Where Should Batteries Be Put to Manage Wind and Solar Power?


As developers and policymakers continue to search for the best way to deploy renewables and storage, the consideration of cost and value will be important. However, the relative benefits and costs can vary by market, by time, and by other factors. Depending on conditions, both separate and hybrid projects can pencil out from a system optimization perspective.

Batteries are becoming an increasingly common part of new power generation projects, especially for solar and wind farms. Solar projects use batteries to shift generation from the day to the evening, to capture higher power prices as the sun goes down. Wind projects can use batteries to smooth power output and avoid congestion.

In many cases the batteries are located with and integrated into the renewable power project, as a hybrid power plant.

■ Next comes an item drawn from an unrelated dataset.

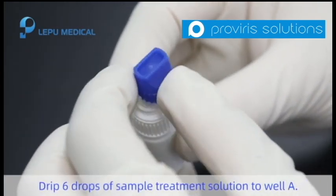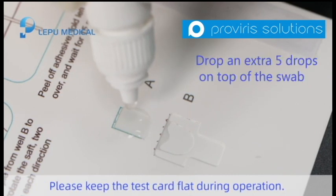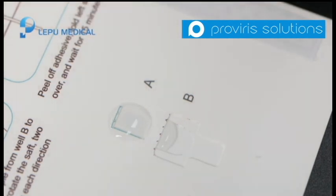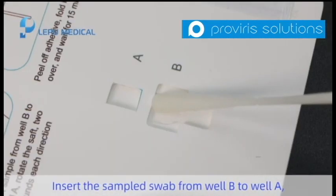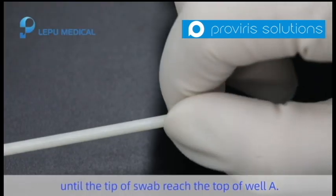Drip 6 drops of the sample treatment solution into well A. Please keep the test card flat during the operation. Insert the sampled swab from well B into well A until the tip of the swab reaches the top of well A.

Wind and solar plants are located to take advantage of strong winds and sunshine, with plentiful land and good grid connections. 

Batteries can be put practically anywhere, like in high-value locations where they can provide additional values to the local grid, such as voltage support, congestion relief, and resilience. With the right controls, they can also provide system-wide benefits, such as capacity and load following.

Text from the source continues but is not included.